Transactions provide funding, Buru to remain asset operator
These two transactions strengthen the company’s balance sheet and provide the funding to allow Buru to undertake an aggressive exploration program.
This exploration program will commence during this year’s Canning Basin drilling season.
Furthermore, Buru will remain as operator of the Ungani Oilfield and the exploration permits.
Deal secures a partnership with leading oil and gas company
Buru’s executive chairman Eric Streitberg said: “We are delighted to have formed a partnership with a highly experienced Australian based oil and gas company that has strong and aligned backing.
“The transaction recognises the strategic value and prospectivity of the company’s Canning Basin assets and Buru’s expertise and knowledge as operator in that area since 2006.

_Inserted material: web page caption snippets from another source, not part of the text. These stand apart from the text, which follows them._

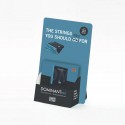 Dispensador folletos cuerdas Thomastik Dominant Pro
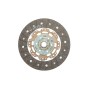 Комплект зчеплення Skoda Oktavia III/VW Golf VII 12-20/Tiguan 1.6TDI/2.0TDI 16-20 (d=240mm) (z=23)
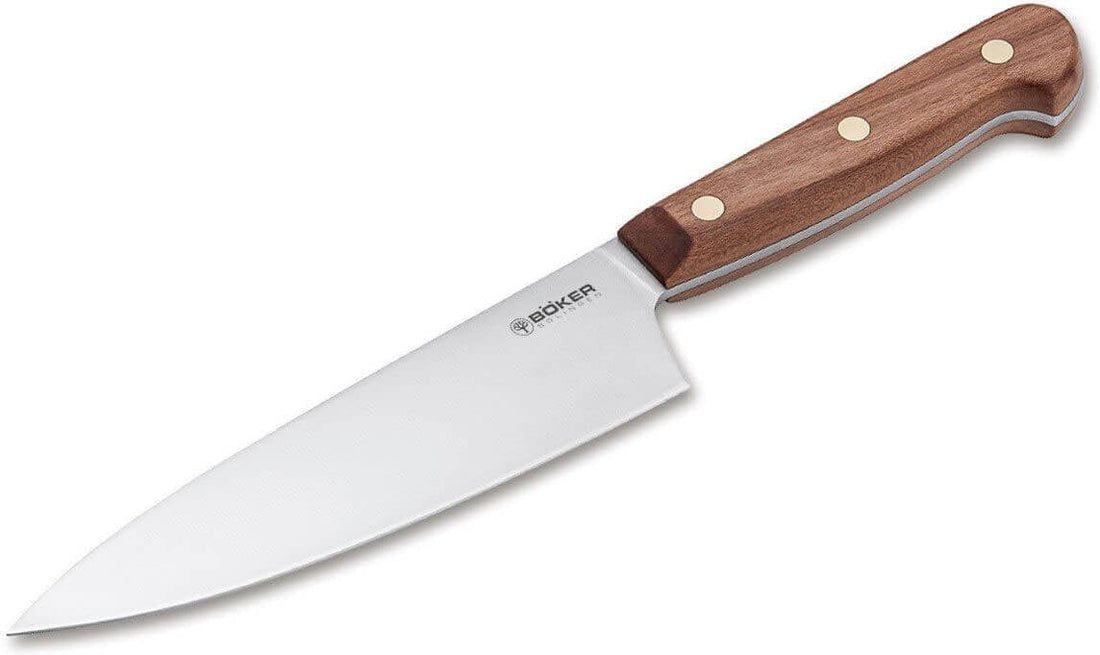 Boker - Cottage-Craft Small Chef's Knife - 130496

“It is also significant in that it provides Buru with the balance sheet strength to further develop the company’s assets from internal resources in the short to medium term.
“The exploration program will enable us to potentially replace and increase our oil resources and also allow us to drill the deeper higher value oil targets such as Rafael on an appropriately promoted cost sharing basis.
“The transactions place Buru on a strong footing that comes on the back of its very successful program in 2017 and we look forward to the future with confidence with our new partner.”
$13 million to be received immediately
Of the $64 million to be received for the Ungani Oilfield, $13 million will be received immediately.
The remaining $51 million of the purchase price is payable upon the government approval and registration of the Ungani production licence transfers.
Farm-in transaction does not include unconventional gas assets
The exploration farm-in is for permits EP 391, EP 428 and EP 436 and the $20 million will go towards a $25 million exploration program of up to four wells.
Notably, this farm-in does not include the Laurel Formation unconventional gas assets within the permits which will remain 100% owned by Buru.